--- RECORDS FOR THE TASK ---
++++++++
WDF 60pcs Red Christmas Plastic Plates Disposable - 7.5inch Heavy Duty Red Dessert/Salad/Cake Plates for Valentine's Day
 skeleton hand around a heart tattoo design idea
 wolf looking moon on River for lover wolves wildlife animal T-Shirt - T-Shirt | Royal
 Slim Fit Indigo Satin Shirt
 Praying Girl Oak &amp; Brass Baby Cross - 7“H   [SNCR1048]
++++++++
--- TASK STATEMENT ---
How many lines in the listing contain the string "Shirt"? Please answer with the number and no other words.

--- RESPONSE FOR THIS EXERCISE ---
2